Di conseguenza, il settore agroalimentare maggiormente danneggiato in Italia è quello dell’alimentazione zootecnica, mentre, in parte minore, è stato colpito il settore dell’alimentazione umana con il frumento tenero.

Nel 2021 il primo fornitore dell’Italia di frumento tenero è stata l’Ungheria con una quota del 23%, seguita da Francia, Austria, Croazia e Germania.

L’Ucraina si è collocata al 6° posto con una quota del 3%.

L’Ungheria è anche il primo partner dell’Italia per le quantità acquistate di mais (30%), seguita da Ucraina e Slovenia (entrambe con il 15%) e Croazia (10%).

L’Ucraina ha fornito all’Italia il 50% delle quantità di olio di girasole, mentre un’ulteriore quota del 40% è assicurata da Ungheria e Bulgaria.

La Russia garantisce poco meno di un terzo dei nostri fabbisogni esteri di polpe di barbabietola e di panelli di estrazione di olio di girasole e circa due terzi delle quantità di piselli secchi per l’alimentazione animale.

Il flusso degli approvvigionamenti nazionali è ulteriormente ostacolato dal blocco delle spedizioni via nave dal Mar Nero e dal mar d’Azov che, storicamente, sono il centro logistico della produzione agricola dell’area ex-sovietica e di parte del Medio Oriente.

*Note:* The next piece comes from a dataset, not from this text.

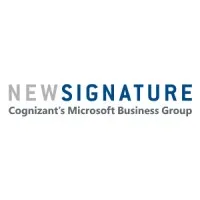 New Signature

La diversificazione dei mercati di approvvigionamento è sicuramente attuabile e implica il ricorso ai Paesi limitrofi e agli altri Paesi membri produttori (con particolare riferimento a Francia e Germania), all’interno di una Ue che, nel suo complesso, si conferma uno dei maggiori produttori mondiali di cereali.

Il ricorso ai grandi esportatori del continente americano (Usa, Canada, Argentina, Brasile) è in parte rallentato dal costo del trasporto via nave, dal momento che i prezzi della logistica internazionale non sono ancora ritornati ai livelli pre-pandemia.

A tali criticità si aggiungono i problemi relativi alle caratteristiche qualitative del prodotto estero viste le disposizioni legislative unionali, che ne limitano la commercializzazione in Europa con particolare riferimento ai valori minimi dei residui di prodotti fitosanitari.

Russia e Ucraina, infine, sono tra i maggiori produttori ed esportatori di fertilizzanti e, complessivamente, forniscono all’Italia il 13% del quantitativo totale acquistato all’estero.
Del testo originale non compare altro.